How can I further optimize this code regarding array operations?

Question

How can I further optimize this code regarding array operations?

138 views Asked by CryptoKitty At 19 September 2023 at 04:52

In the following code I am performing an XOR operation on two arrays result and DB, the result is accessed after an offset called rotate1 in the following. As you can see, I am already doing AVX2, loop unrolling, and prefetching. I am wondering if I am missing anything that might be giving slow speed. In the following else part of the branch is accessed only once each time the function is called. I have noticed that 50 percent of the time is spent on xor, and the rest 40 percent is spent on the data store. I am remaining on loads.
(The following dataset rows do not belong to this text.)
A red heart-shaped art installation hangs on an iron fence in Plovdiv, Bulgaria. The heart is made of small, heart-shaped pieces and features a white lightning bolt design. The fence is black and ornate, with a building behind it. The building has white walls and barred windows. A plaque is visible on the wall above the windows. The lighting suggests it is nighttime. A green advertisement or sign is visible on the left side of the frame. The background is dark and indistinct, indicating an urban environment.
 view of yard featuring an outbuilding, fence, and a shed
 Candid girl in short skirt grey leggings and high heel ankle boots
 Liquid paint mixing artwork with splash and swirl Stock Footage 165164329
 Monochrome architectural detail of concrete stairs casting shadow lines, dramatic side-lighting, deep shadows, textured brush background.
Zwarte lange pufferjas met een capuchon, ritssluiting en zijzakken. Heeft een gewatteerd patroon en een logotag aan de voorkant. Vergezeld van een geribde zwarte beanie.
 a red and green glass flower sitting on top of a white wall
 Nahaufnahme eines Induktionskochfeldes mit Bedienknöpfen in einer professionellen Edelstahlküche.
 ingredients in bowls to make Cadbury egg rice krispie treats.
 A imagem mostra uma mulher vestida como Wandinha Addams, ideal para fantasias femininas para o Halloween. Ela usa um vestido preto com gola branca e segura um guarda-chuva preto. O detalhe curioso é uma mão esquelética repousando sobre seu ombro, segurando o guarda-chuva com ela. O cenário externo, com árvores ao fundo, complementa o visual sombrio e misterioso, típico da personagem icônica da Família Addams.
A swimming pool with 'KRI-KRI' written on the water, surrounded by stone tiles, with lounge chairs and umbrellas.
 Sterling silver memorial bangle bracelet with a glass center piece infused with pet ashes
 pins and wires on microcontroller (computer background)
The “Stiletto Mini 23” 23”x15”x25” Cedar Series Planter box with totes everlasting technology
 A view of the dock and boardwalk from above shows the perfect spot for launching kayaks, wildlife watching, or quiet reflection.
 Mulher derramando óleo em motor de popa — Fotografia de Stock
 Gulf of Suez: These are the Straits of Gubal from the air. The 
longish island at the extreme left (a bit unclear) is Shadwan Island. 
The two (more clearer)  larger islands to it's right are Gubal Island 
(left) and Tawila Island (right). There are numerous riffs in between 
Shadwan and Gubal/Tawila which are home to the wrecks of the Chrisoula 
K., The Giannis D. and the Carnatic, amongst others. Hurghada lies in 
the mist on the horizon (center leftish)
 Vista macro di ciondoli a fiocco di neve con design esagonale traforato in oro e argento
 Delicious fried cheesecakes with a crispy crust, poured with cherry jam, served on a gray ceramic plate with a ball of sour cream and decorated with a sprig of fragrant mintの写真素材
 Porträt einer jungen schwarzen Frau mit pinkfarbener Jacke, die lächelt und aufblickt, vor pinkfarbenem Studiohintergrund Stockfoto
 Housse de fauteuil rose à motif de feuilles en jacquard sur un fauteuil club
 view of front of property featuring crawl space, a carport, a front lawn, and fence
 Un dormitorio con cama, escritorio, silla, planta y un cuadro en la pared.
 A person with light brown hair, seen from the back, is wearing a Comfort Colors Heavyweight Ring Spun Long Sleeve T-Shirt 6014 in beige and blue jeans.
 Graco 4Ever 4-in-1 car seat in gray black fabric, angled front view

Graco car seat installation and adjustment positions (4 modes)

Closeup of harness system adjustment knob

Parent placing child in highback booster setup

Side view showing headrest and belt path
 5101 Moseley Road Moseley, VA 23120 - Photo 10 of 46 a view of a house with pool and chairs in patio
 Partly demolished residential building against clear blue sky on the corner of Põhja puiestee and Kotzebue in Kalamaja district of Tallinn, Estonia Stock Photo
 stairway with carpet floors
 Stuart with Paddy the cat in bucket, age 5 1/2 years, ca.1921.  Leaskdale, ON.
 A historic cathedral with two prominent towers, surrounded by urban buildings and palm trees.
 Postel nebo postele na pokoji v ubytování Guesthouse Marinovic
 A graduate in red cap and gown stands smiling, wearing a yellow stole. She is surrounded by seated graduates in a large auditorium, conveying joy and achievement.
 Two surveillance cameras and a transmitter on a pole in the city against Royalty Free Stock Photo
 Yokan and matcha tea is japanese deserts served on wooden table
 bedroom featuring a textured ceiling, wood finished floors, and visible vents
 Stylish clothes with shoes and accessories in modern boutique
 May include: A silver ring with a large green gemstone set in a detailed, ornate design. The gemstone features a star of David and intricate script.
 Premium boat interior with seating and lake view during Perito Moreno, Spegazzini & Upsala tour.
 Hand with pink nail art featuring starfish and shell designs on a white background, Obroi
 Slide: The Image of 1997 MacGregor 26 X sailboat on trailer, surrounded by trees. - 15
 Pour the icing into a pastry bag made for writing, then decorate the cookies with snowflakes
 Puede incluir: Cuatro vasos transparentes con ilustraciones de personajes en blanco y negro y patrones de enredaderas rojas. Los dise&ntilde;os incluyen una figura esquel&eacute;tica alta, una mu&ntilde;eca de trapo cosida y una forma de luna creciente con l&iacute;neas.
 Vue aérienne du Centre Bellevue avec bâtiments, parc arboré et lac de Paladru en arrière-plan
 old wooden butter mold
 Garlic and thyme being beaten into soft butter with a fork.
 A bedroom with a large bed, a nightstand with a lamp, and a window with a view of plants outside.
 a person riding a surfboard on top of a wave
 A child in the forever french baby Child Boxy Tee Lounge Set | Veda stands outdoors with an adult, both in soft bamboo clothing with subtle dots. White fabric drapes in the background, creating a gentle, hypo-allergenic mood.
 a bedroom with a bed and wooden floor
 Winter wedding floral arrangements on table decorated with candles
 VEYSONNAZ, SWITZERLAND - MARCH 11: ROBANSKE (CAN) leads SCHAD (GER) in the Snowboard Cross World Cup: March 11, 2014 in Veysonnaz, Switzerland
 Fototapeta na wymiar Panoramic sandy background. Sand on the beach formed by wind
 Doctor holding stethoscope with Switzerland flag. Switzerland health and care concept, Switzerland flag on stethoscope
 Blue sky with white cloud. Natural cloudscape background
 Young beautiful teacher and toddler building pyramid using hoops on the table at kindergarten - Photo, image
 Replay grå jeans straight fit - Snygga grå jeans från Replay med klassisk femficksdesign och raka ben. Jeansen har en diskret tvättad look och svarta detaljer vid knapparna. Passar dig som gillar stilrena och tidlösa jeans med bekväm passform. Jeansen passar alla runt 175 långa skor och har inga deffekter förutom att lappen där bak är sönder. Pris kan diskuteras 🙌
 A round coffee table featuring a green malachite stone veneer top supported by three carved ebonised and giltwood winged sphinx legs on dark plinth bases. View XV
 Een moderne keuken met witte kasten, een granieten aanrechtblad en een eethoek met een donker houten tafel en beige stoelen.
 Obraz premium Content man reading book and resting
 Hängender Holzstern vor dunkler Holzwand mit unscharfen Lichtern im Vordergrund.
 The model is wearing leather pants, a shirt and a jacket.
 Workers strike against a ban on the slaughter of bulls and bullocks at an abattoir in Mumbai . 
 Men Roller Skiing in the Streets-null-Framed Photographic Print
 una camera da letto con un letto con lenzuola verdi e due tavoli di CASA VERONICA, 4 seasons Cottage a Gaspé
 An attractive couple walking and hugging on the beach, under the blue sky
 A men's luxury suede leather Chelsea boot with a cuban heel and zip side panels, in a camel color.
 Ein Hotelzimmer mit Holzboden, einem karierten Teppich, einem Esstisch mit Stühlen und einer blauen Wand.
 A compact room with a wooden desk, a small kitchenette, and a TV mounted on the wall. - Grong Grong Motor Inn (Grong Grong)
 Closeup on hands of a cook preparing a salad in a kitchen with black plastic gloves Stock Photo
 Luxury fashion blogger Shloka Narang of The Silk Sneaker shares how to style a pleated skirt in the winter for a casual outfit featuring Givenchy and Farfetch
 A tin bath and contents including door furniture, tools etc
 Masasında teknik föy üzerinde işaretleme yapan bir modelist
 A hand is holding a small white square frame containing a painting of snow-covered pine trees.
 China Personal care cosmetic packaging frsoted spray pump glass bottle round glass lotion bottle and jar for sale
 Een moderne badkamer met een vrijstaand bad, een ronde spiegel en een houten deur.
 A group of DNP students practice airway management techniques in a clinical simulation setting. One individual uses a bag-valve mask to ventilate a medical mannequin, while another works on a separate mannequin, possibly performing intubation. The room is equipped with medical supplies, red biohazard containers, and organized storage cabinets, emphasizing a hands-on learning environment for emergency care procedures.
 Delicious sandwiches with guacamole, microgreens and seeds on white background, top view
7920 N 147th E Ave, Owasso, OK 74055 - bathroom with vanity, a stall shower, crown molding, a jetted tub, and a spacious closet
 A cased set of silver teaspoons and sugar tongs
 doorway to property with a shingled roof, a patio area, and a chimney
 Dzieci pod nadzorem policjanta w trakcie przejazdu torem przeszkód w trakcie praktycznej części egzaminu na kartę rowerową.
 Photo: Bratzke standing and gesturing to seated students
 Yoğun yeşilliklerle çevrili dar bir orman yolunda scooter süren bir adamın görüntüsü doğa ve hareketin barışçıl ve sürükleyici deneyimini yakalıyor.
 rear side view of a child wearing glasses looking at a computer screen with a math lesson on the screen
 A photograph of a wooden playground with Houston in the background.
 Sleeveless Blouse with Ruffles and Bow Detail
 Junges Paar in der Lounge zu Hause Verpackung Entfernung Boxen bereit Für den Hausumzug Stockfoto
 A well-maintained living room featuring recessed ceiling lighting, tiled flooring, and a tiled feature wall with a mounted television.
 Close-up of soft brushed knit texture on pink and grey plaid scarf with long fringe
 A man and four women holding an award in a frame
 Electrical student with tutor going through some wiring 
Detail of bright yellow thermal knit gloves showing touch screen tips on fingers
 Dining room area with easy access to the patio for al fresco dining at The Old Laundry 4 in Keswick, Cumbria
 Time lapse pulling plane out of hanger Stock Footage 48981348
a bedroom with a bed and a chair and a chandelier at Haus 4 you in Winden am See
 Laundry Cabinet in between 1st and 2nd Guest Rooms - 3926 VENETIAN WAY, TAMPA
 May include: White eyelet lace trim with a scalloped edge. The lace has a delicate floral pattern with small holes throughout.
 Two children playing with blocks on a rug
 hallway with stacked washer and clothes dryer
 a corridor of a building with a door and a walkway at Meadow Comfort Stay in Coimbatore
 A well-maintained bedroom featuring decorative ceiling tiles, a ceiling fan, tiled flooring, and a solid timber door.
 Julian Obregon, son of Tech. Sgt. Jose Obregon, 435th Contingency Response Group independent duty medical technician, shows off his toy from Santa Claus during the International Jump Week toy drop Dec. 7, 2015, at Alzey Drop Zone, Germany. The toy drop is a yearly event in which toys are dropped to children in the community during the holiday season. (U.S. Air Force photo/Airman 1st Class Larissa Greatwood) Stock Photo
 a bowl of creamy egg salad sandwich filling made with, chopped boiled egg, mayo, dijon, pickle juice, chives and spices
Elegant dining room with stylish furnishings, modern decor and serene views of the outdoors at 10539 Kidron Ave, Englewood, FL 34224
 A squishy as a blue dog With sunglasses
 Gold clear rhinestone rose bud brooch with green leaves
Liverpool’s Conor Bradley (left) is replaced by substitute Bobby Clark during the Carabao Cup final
void perform_array_xor(uint32_t partindex, uint32_t offset, uint64_t *result, uint32_t EntrySize, uint32_t PartSize)
{
    auto B = 1;

    assert(EntrySize/8==B);

    // Ensure that PartSize is a multiple of 32 for this example
    if (PartSize % 8 != 0)
    {
        // Handle this case
        return;
    }

     __m256i a,b,r;

     unsigned int rotate1_1;
     int k;
    
    for (int i = 0; i < PartSize; i += 8)
    {
        rotate1_1 = (i + offset) & (PartSize - 1);


        _mm_prefetch(result + rotate1_1, _MM_HINT_T2);
        k = 0;
        if(rotate1_1 + 7 < PartSize){
            a = _mm256_loadu_si256((__m256i*)(result + rotate1_1));
            b = _mm256_loadu_si256((__m256i*)(DB + partindex + i));
            r = _mm256_xor_si256(a, b);
            _mm256_storeu_si256((__m256i*)(result + rotate1_1), r);
            //std::memcpy(result + rotate1_1, &r, sizeof(__m256i));
            
            k = 4 ;
            a = _mm256_loadu_si256((__m256i*)(result + rotate1_1 + k));
            b = _mm256_loadu_si256((__m256i*)(DB + partindex + i + k));
            r = _mm256_xor_si256(a, b);
            _mm256_storeu_si256((__m256i*)(result + rotate1_1 + k), r);
            //std::memcpy(result + rotate1_1 + k, &r, sizeof(__m256i));
            
        }
        else{
        result[(rotate1_1 + 0) & (PartSize - 1)] ^= DB[partindex + (i + 0)];
        result[(rotate1_1 + 1) & (PartSize - 1)] ^= DB[partindex + (i + 1)];
        result[(rotate1_1 + 2) & (PartSize - 1)] ^= DB[partindex + (i + 2)];
        result[(rotate1_1 + 3) & (PartSize - 1)] ^= DB[partindex + (i + 3)];
        result[(rotate1_1 + 4) & (PartSize - 1)] ^= DB[partindex + (i + 4)];
        result[(rotate1_1 + 5) & (PartSize - 1)] ^= DB[partindex + (i + 5)];
        result[(rotate1_1 + 6) & (PartSize - 1)] ^= DB[partindex + (i + 6)];
        result[(rotate1_1 + 7) & (PartSize - 1)] ^= DB[partindex + (i + 7)];
        }
        
    }
}

Update: Here are more implementation details about the function

DB array is of size 2^28 so in total 2GB of data
the result is an array of size 2^14 so in total 128KB
the result is the same across function calls
On every function call contiguous 2^14 entries in the DB are accessed
Currently, I see all the DB is processed in 143ms which is around 13 GB/s
Optimizing for i7, 9th generation and clang compiler

Original Q&A

There are 1 answers

**Peter Cordes** · Answer 1 · 2023-09-20T00:52:24+00:00

I have noticed that 50 percent of the time is spent on xor, and the rest 40 percent is spent on the data store. I am remaining on loads.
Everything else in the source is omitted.